[Data excerpts]
━━━━━━━━━━━━━━━━

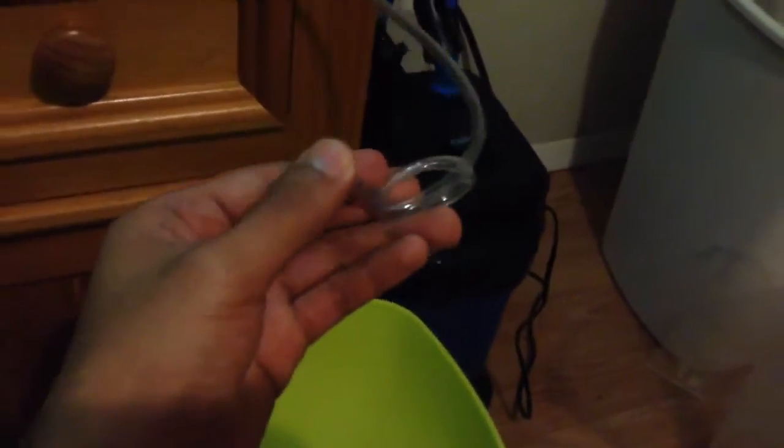All you have to do is make a simple knot, and that's your regulator right there. What you do next is suck in the water to create a suction force. Then with the regulator, you either tighten the knot to have fewer drips per second, or loosen it to have more drip flow.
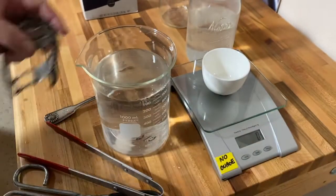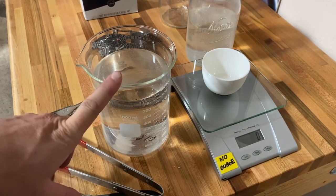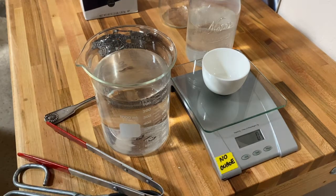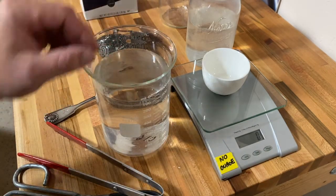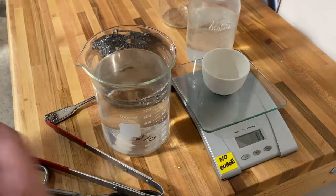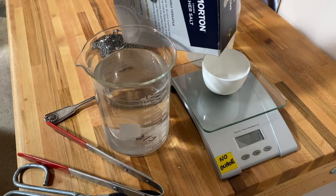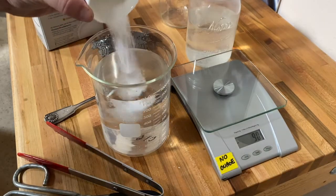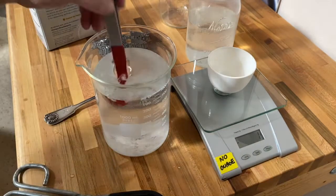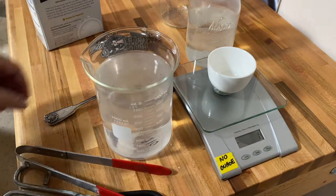I'm going to raise the concentration to 50 parts per thousand, which is hypersaline — like a salt lake, where you have a much higher concentration. We're going to measure out some more salt, about another 15 grams or so. I'll dump it in, and just got back from the microwave with this fully dissolved.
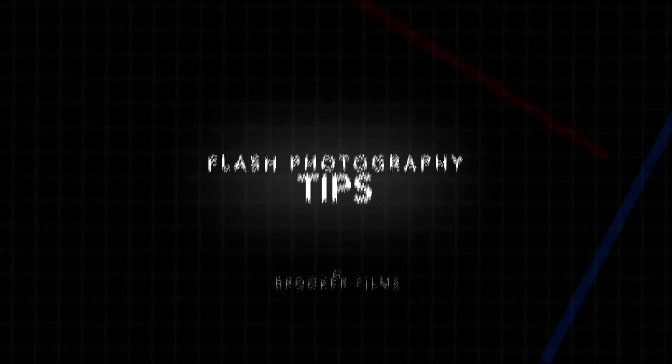In this video I'm talking about how to use a flash with your still photography. Hey, what's up, it's Chris from Rucker Films, and in today's video I'm talking all about flash photography and how you can use flash to improve the quality of your photos.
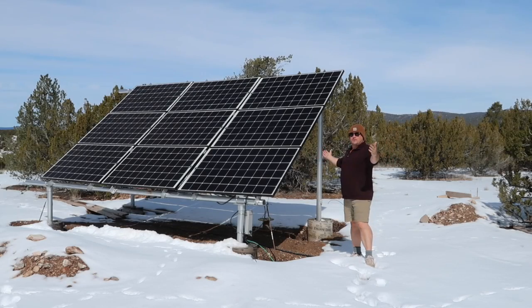My name is Chad. Welcome to Swamp Fox. This is our ranch out here in the middle of nowhere. I'm going to be talking about our solar setup.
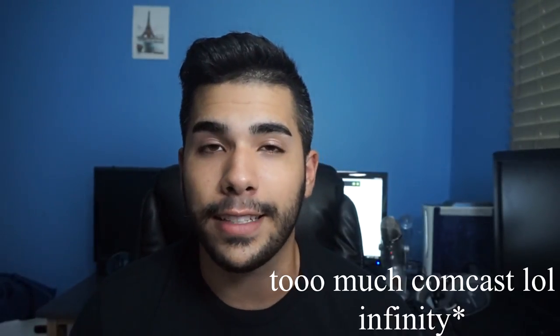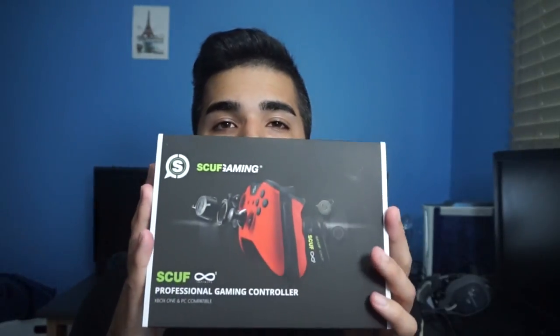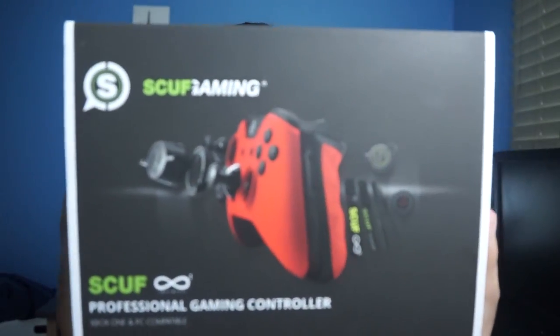I'm going to be doing a Scuff giveaway for you guys and a Scuff review on the Infinity Scuff. Right here is the box — you can see it's a Scuff Infinity. A lot of people ask what's so special about the Scuff. Well, first of all, they have interchangeable thumbsticks.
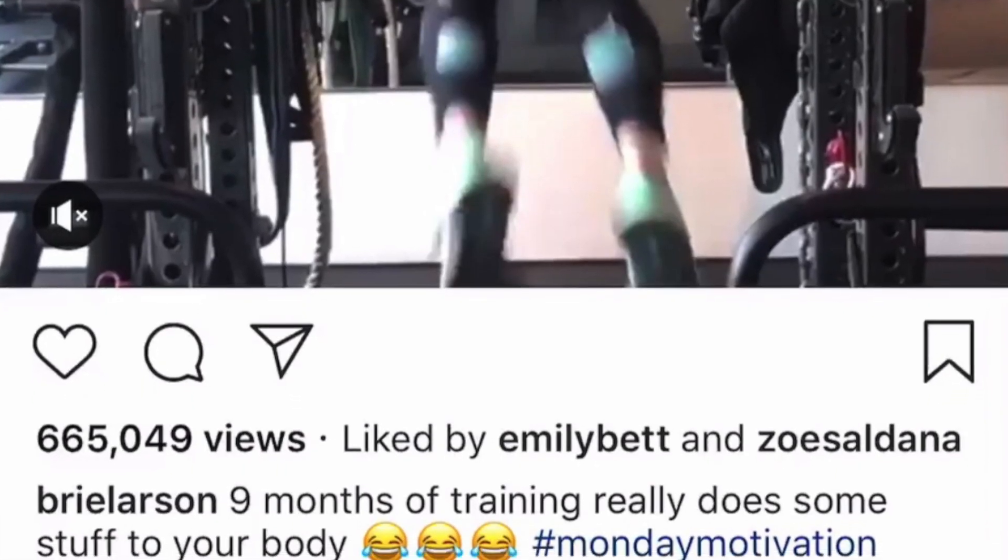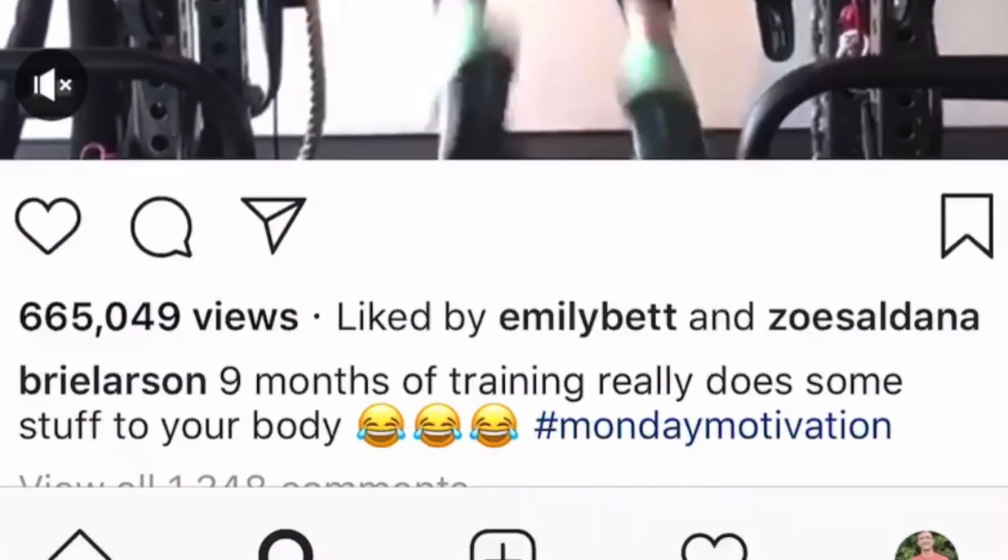The second thing she focused on was consistency. On her Instagram page she said nine months really does something to your body, and that's what happened. She committed to the process, trained week in and week out, and really focused on strength and consistency — and that built the muscle she wanted. She didn't get bulky; she just got muscular, strong, and focused.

━━━━━━━━━━━━━━━━

[Exercise objective]
Write the entries out in full and exactly, omitting every picture.

[Written answer]
All you have to do is make a simple knot, and that's your regulator right there. What you do next is suck in the water to create a suction force. Then with the regulator, you either tighten the knot to have fewer drips per second, or loosen it to have more drip flow.
I'm going to raise the concentration to 50 parts per thousand, which is hypersaline — like a salt lake, where you have a much higher concentration. We're going to measure out some more salt, about another 15 grams or so. I'll dump it in, and just got back from the microwave with this fully dissolved.
In this video I'm talking about how to use a flash with your still photography. Hey, what's up, it's Chris from Rucker Films, and in today's video I'm talking all about flash photography and how you can use flash to improve the quality of your photos.
My name is Chad. Welcome to Swamp Fox. This is our ranch out here in the middle of nowhere. I'm going to be talking about our solar setup.
I'm going to be doing a Scuff giveaway for you guys and a Scuff review on the Infinity Scuff. Right here is the box — you can see it's a Scuff Infinity. A lot of people ask what's so special about the Scuff. Well, first of all, they have interchangeable thumbsticks.
The second thing she focused on was consistency. On her Instagram page she said nine months really does something to your body, and that's what happened. She committed to the process, trained week in and week out, and really focused on strength and consistency — and that built the muscle she wanted. She didn't get bulky; she just got muscular, strong, and focused.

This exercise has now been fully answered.